= Aim of the task =
Each line from the one containing "lot de tee shirts" to the end of the data must be copied exactly, the first and last included; no other lines and no pictures belong in the copy.

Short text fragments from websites
==========

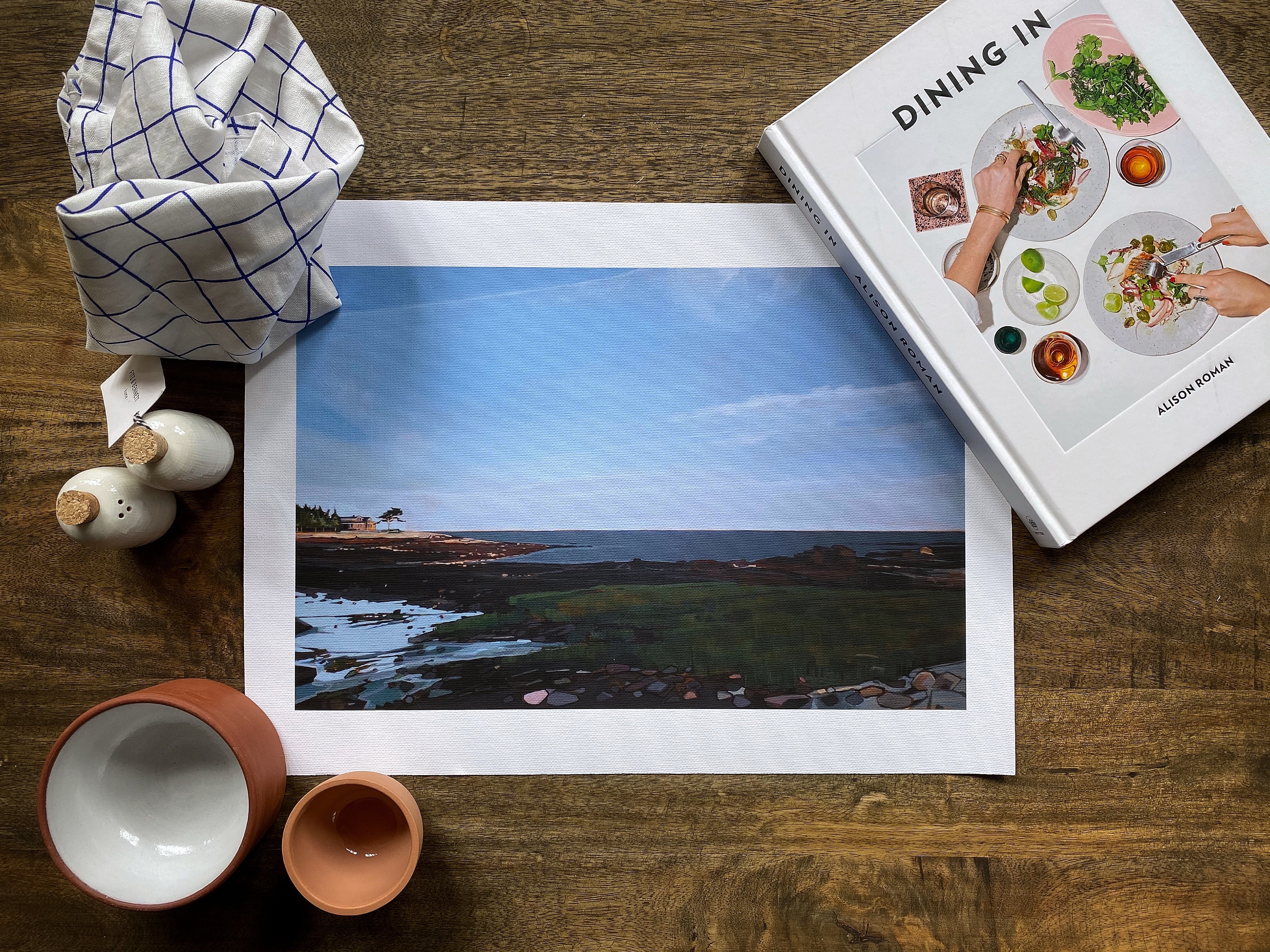 Pond Cove | Print on Canvas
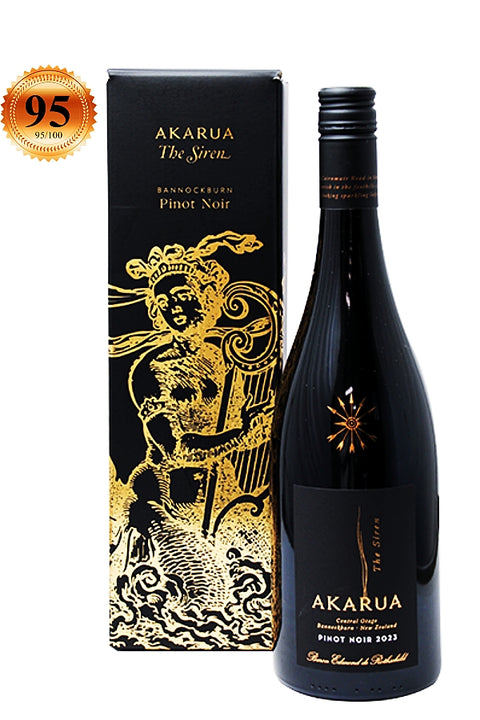 AKARUA The Siren Central Otago Pinot Noir 2023 750ml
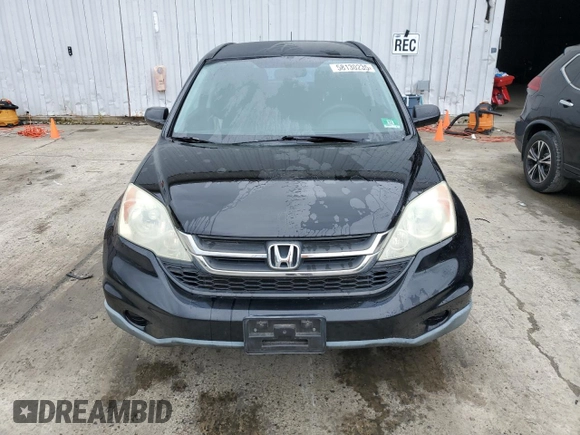 2010 Honda CR-V LX z VIN 5J6RE4H39AL056642, wystawiony jako Copart lot #58130235 z przebiegiem 110 595 mil mil oraz Szkoda całkowita • Salvage title. Historia ofert i sprzedaży dostępna na DreamBid. Obrazek 5.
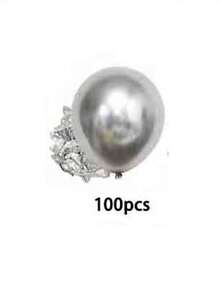 10/50/100pcs 5inch(12.7cm) Chrome Metallic Balloons, Gold Color Silver Color Pink Blue Green Purple Red Party Balloons For Wedding Decor, Birthday Party Decor, Anniversary Decor, Graduation Decor, Holiday Decor, Indoor Outdoor Decor, Home Decor, Room Decor,Christmas Decor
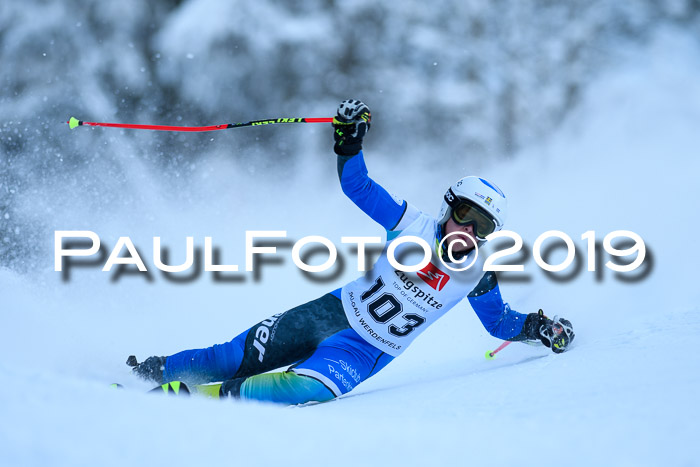 Werdenfelser Kinderskitag. mit Ziener und BZB Cup 2019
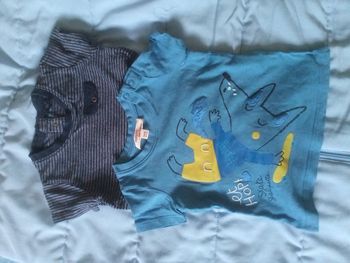 lot de tee shirts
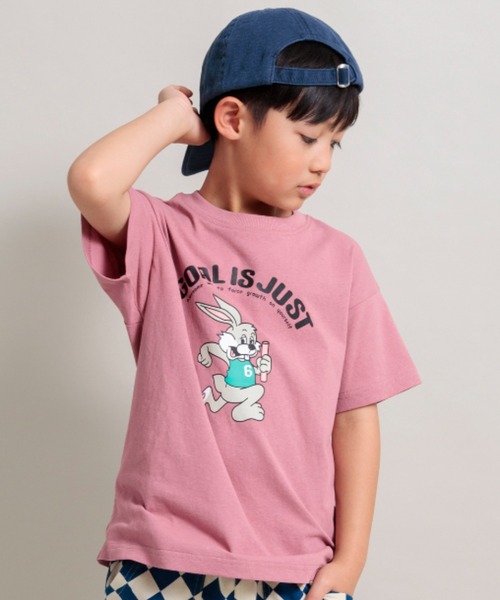 DRC branshes(ディーアールシーブランシェス)の「【DRC/綿100%】アソートグラフィック半袖Tシャツ(Tシャツ/カットソー・キッズ・アイボリー/マスタード/その他2/その他1/カラフル/コバルトブルー/フューシャピンク/ベージュ/ブラック/ホワイト/チャコールグレー/オレンジ・130/140/150/160/90/100/110/120)」の8枚目の写真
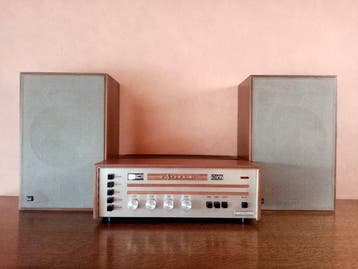 Siera, Dual - SA5909 - CL12 Hifi-set, Nieuw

==========

= Written answer =
 lot de tee shirts
 DRC branshes(ディーアールシーブランシェス)の「【DRC/綿100%】アソートグラフィック半袖Tシャツ(Tシャツ/カットソー・キッズ・アイボリー/マスタード/その他2/その他1/カラフル/コバルトブルー/フューシャピンク/ベージュ/ブラック/ホワイト/チャコールグレー/オレンジ・130/140/150/160/90/100/110/120)」の8枚目の写真
 Siera, Dual - SA5909 - CL12 Hifi-set, Nieuw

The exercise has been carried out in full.